Monday 10 February 2014

Film Review: No Country for Old Men

Director: Joel and Ethan Coen

A film noir from 2007 by the infamous Coen brothers who continue to impress with original films, this time they adapt the book of the same name by Cormac McCarthy. Among its four Oscars at the 2007 Academy Awards were awards for Best Picture, Best Director, and Best Adapted Screenplay. The film probably has the most in-common with Fargo out of the Coen brothers earlier works with the story surrounding murders and an older experienced police detective trying to solve the crime.

Anton Chigurh (Javier Bardem)
Llewelyn Moss (Josh Brolin) is out hunting and finds the aftermath of a drug deal gone wrong in the desert in Texas. He steals two million dollars from a duffel bag and heads home after being chased away by two men in a pickup truck, he escapes into the next county after sending his wife to her mothers to be safe. The problem he has is that Anton Chigurh (Javier Bardem) is the ruthless hitman that has been hired to recover the money and will stop at nothing to find it. Amongst all this experienced Sheriff Ed Tom Bell (Tommy Lee Jones) is tasked with solving the mystery around the drug deal and the string of deaths following the stolen money.

Javier Bardem is excellent as the cold killer Anton who uses a captive bolt pistol to execute his victims and break through locked doors. He portrays almost no emotion and has only one goal, to recover the stolen money. The tension Bardem brings to every scene is incredible, you almost know what he's going to do at each turn but you will him not to do it.Whilst Tommy Lee Jones as the weary police sheriff is clever, wily but tired of the violence that continues to blight his county which leads to a clever but slightly beguiling ending to the film. Its also interesting to note that the three main characters (Moss, Chigurh and Bell) almost never share the screen at the same time.

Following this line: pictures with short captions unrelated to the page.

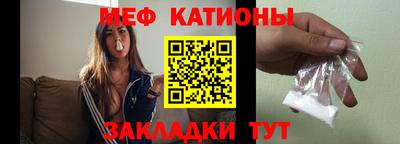 дживик Рыбинск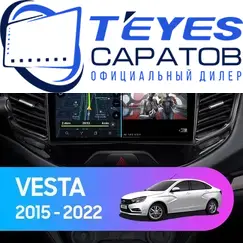 Штатная магнитола TEYES CC3 2K 4/32 9.5" для ВАЗ (LADA) Vesta 2015-2023 - комплектация [D]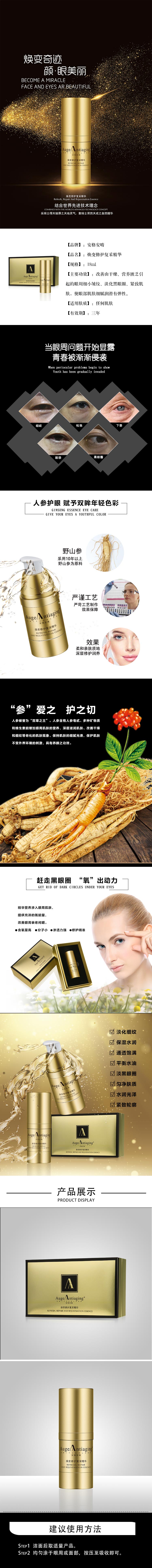 焕变复采精华(图1)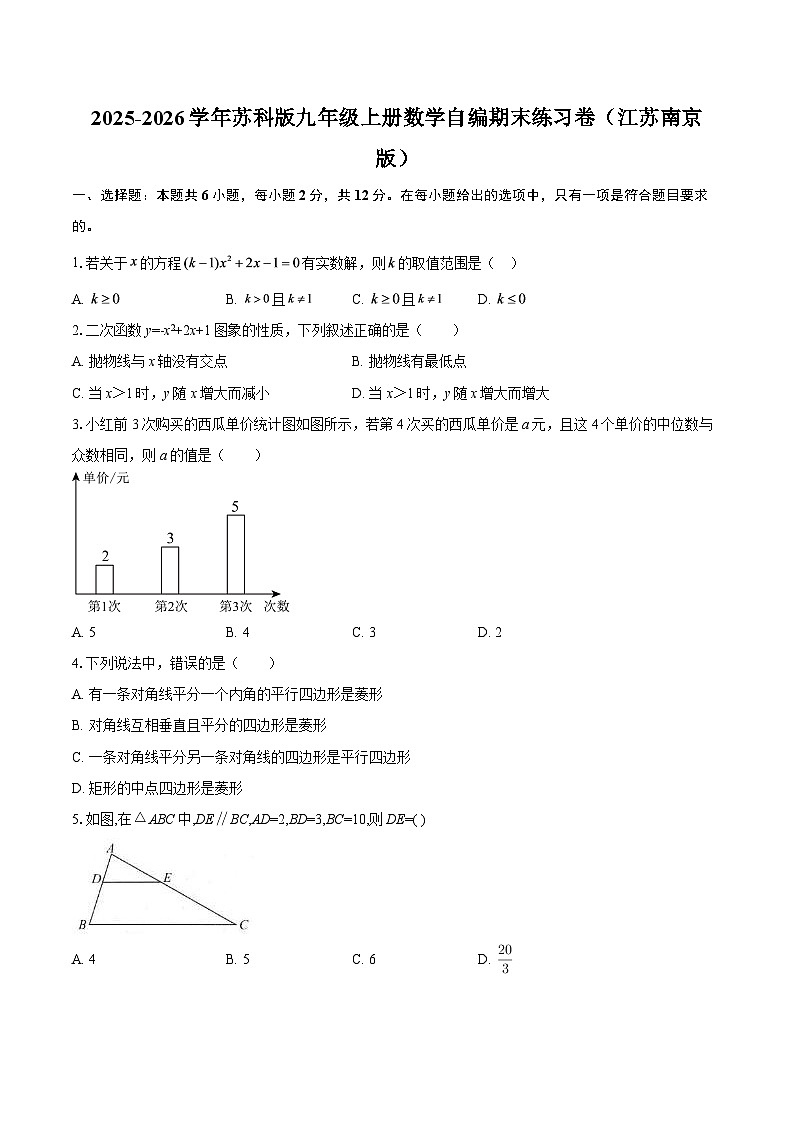 2025-2026学年苏科版九年级上册数学自编期末练习卷（江苏南京版）-自定义类型第1页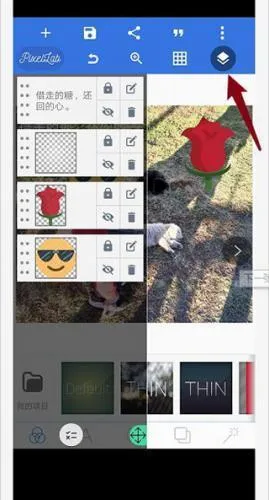pixellab黄金版最新官方版 pixellab黄金版最新官方版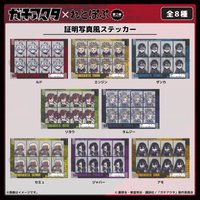 Reto Pop 第二彈 證件照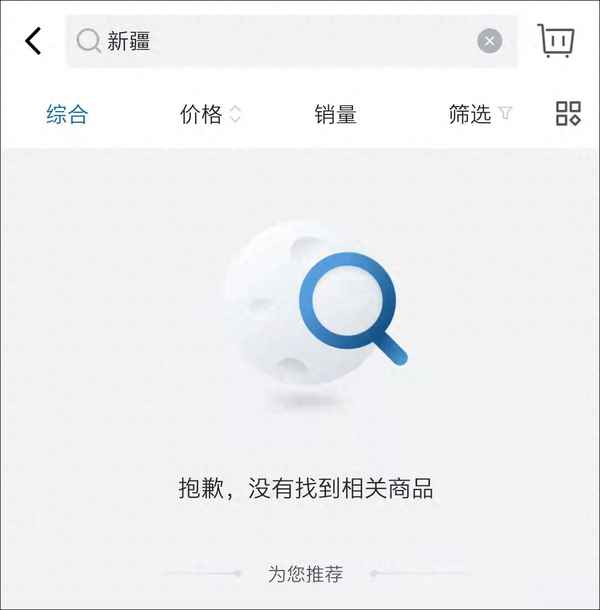 沃爾瑪進口超市叫什么-沃爾瑪超市有進口食品嗎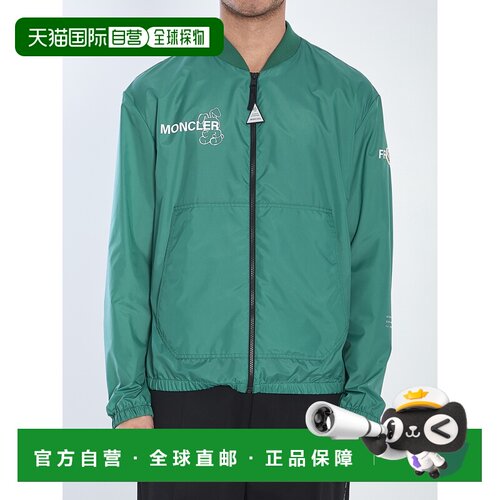 1h可退 香港直邮Moncler 盟可睐 男士 Ostria 短夹克 1A00009M523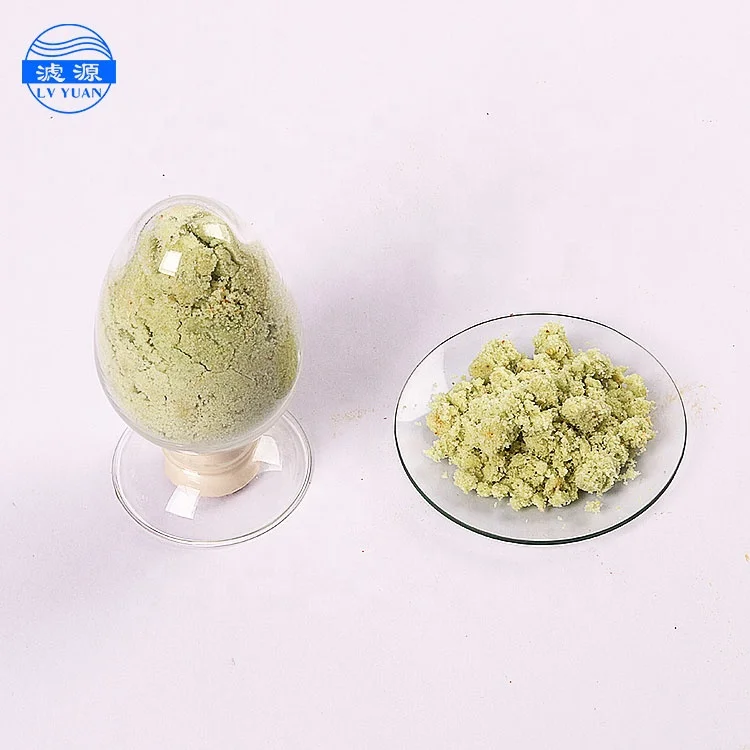 Lvyuan гептагидрат цена Feso4.7h2o черный сульфат коагулянт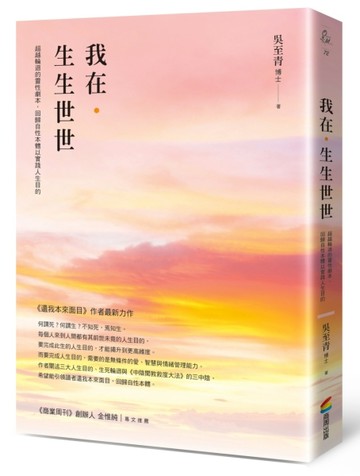 我在．生生世世：超越輪迴的靈性劇本，回歸自性本體以實踐人生目的[二手書_良好]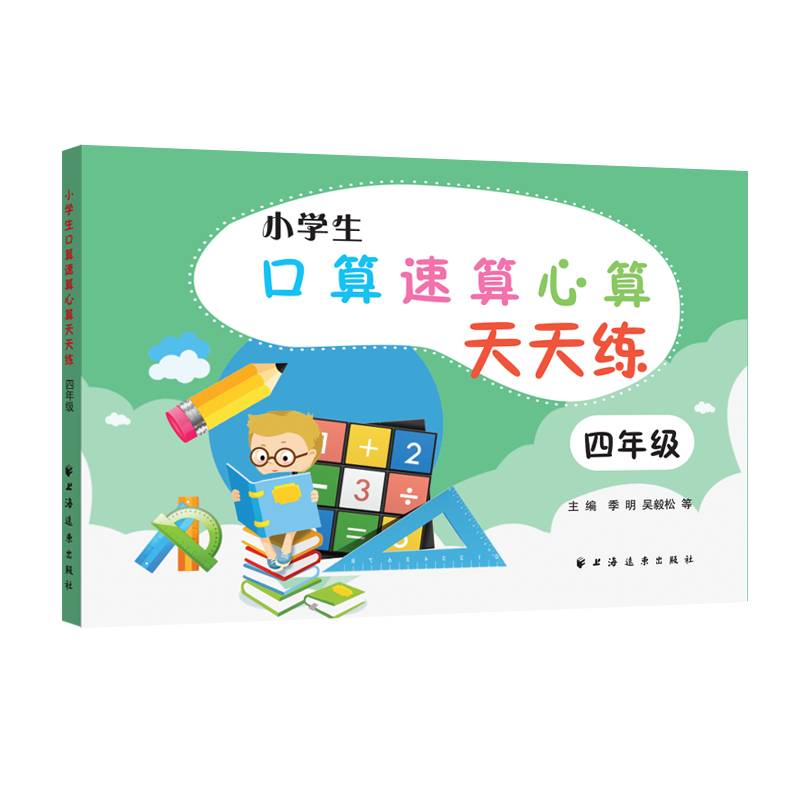 小学生口算速算心算天天练（四年级）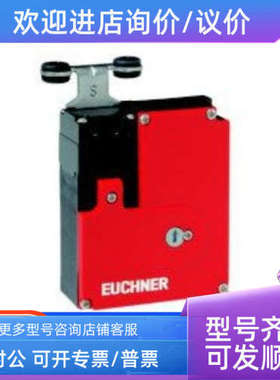 议价084246 TZ1LE024RC18VAB-C1826安士能限位开关特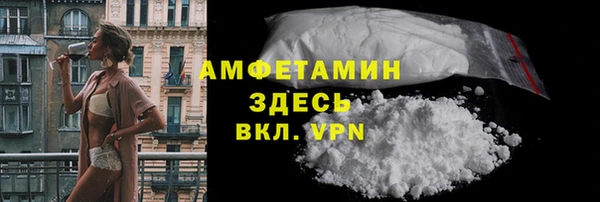 гашишное масло Беломорск
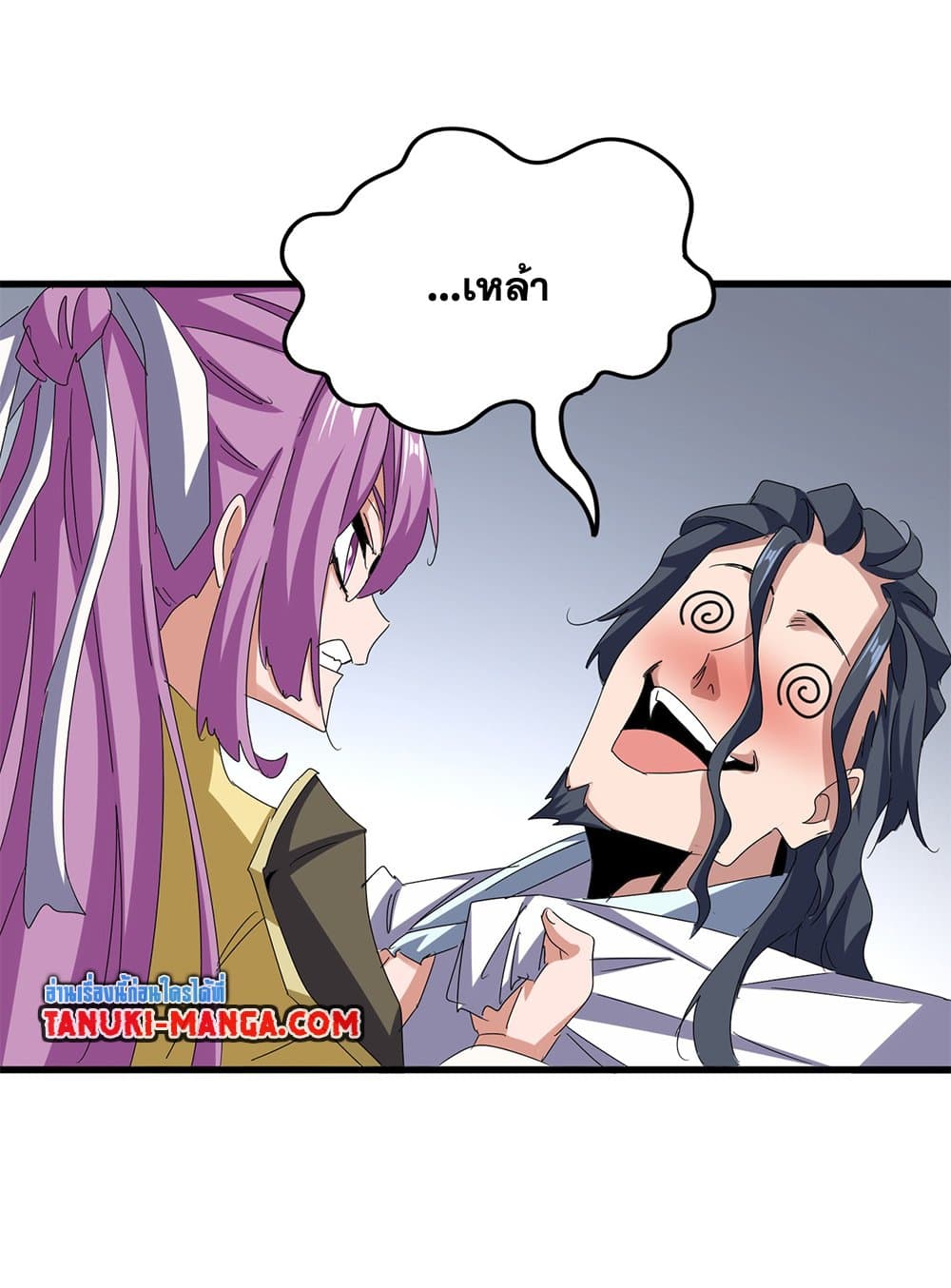 Magic Emperor page 8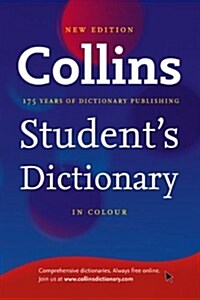 Collins KG Course ACTIVITY BOOK 1 US English (Paperback)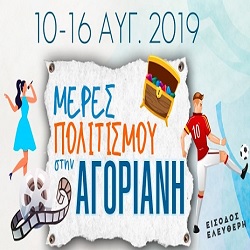 Αγόριανη 2019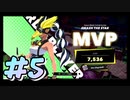【FOAMSTARS】きれい好きでもない4人のフォームスターズ！#5【実況プレイ】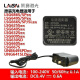 LAiSAi水平仪充电器666SL/686SP/649S/625S/640S/609S/667S原装配件 莱赛原装充电器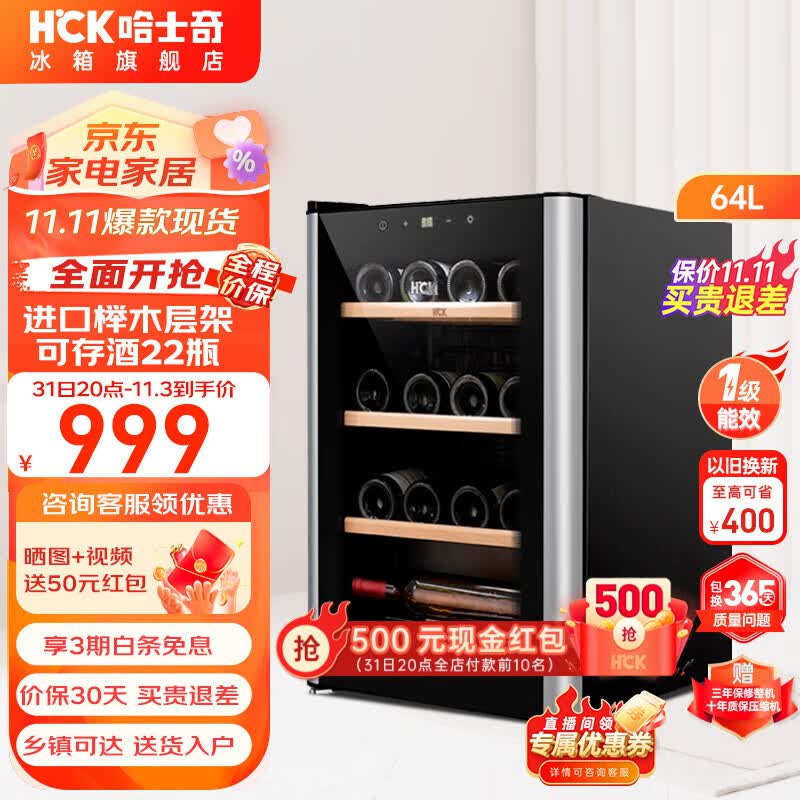哈士奇HCK纤薄酒柜22瓶保湿64升家用茶叶嵌入式保鲜冷藏柜红酒柜SC-70E SC-70E-22瓶属于什么档次？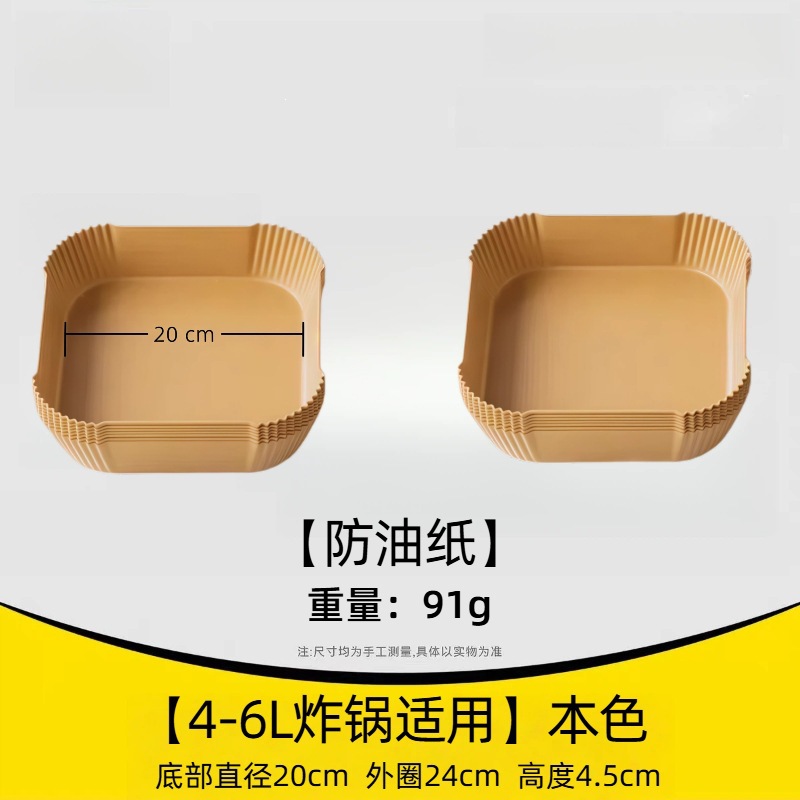 Papel especial para freidora de aire Papel de grado alimenticio Papel de aceite de silicona resistente a altas temperaturas Papel absorbente de aceite Papel de aceite de horneado desechable
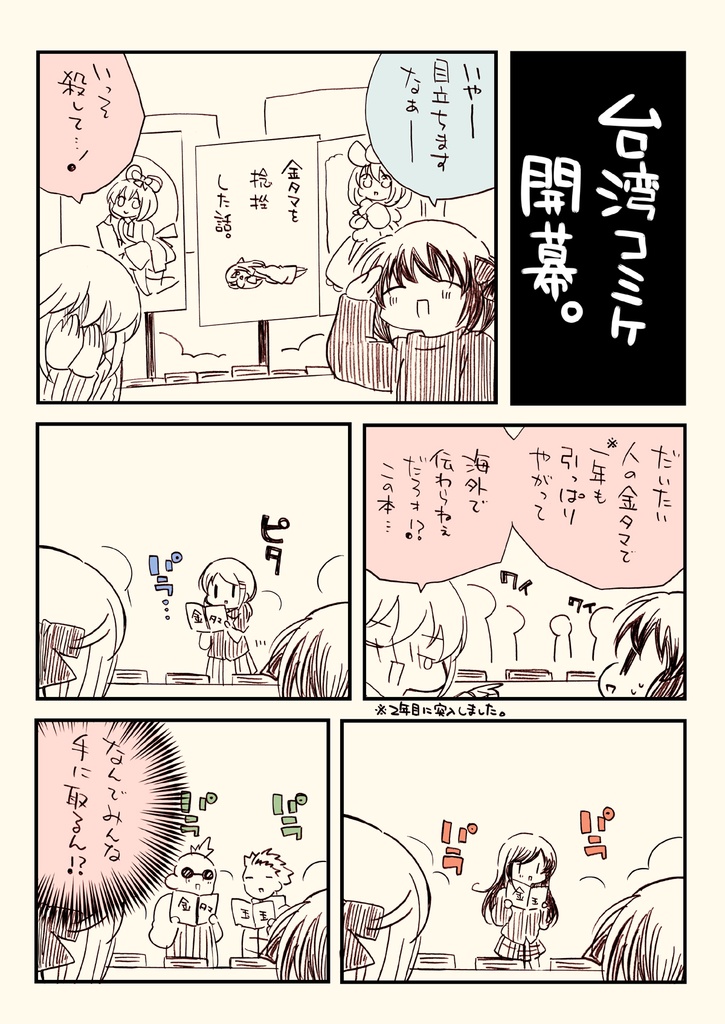 金タマを捻挫した話。【フル金版】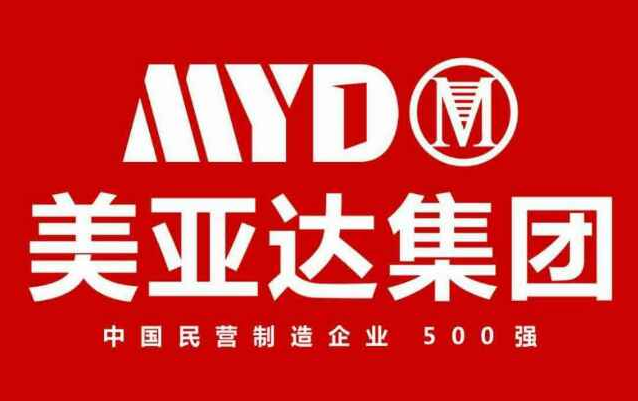 美亚达集团产品都有哪些?(图1) 美亚达集团产品都有哪些?(图1)
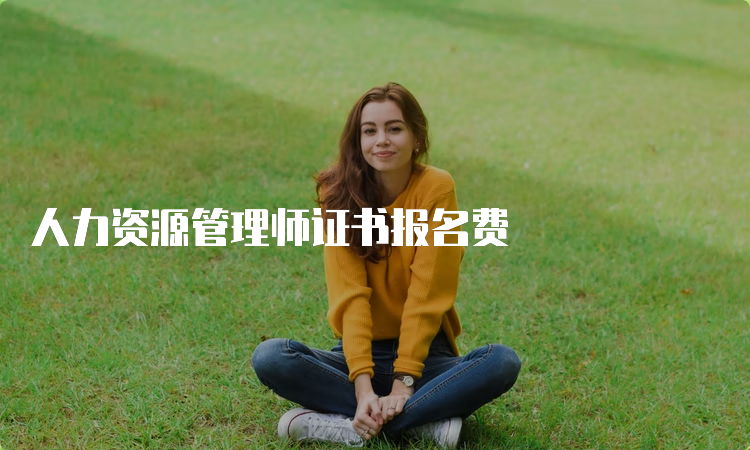 人力资源管理师证书报名费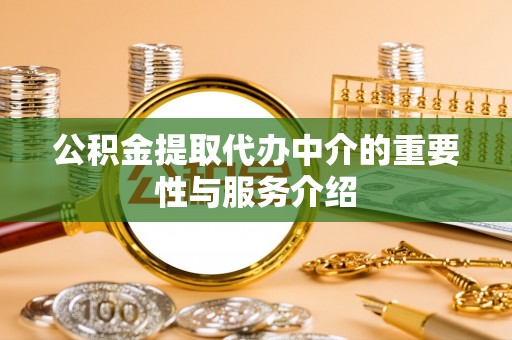 万里公积金提取代办中介的重要性与服务介绍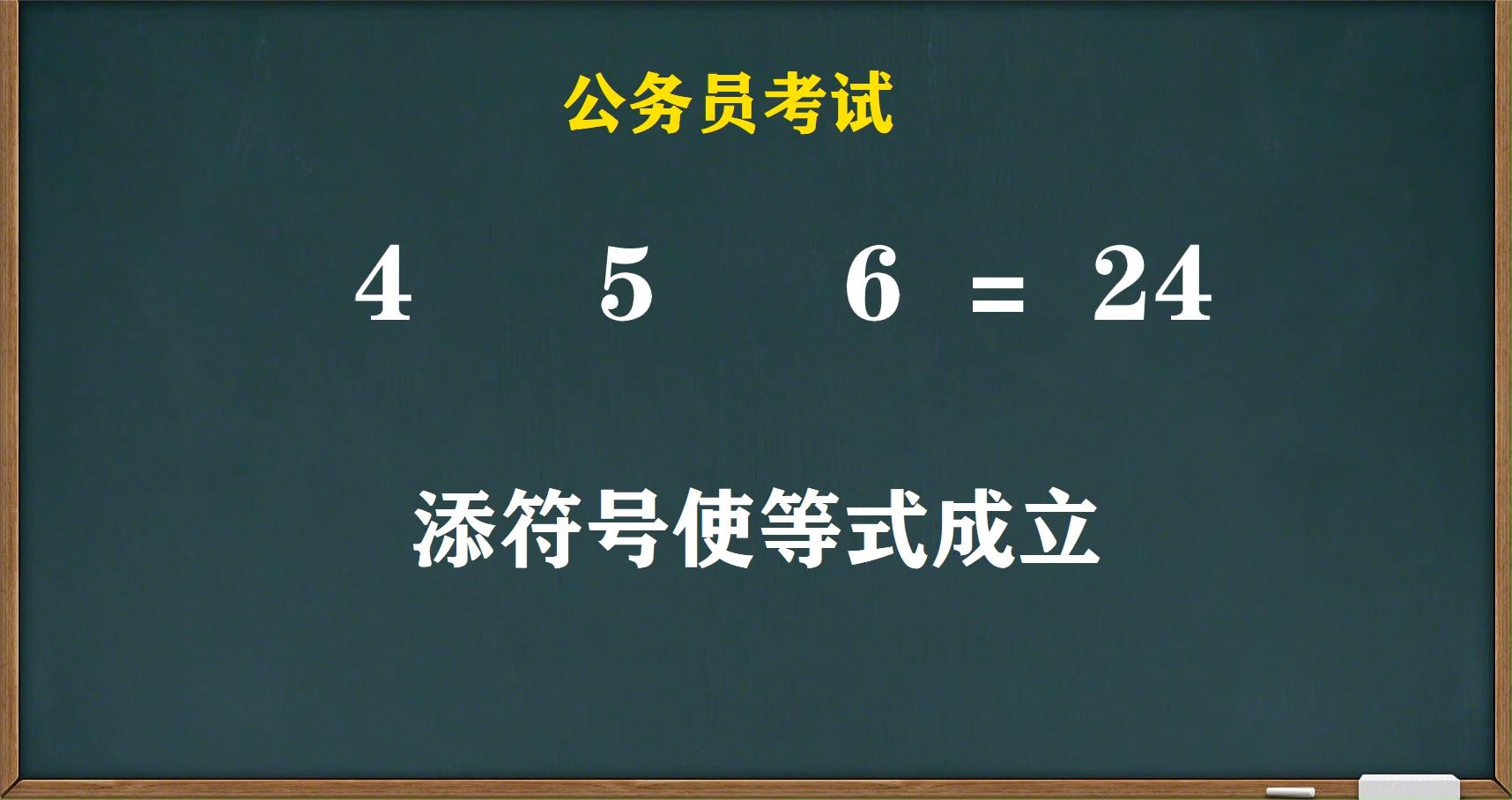 公务员考试4 5 6=24,添符号使等式成立,考察的知识点太冷门哔哩哔哩bilibili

Sheriff Ed Tom Bell (Tommy Lee Jones)
The film is incredibly faithful to the 2005 book and works hard to depict the gritty violence of the novel, whilst the almost predestined turn of events are nothing new in the Coen brothers work. The Coens are markedly less interested in who (if anyone) gets away with the loot than in the primal forces that urge the characters forward. This isn't just a simple crime drama about who escapes with $2 million but something much deeper.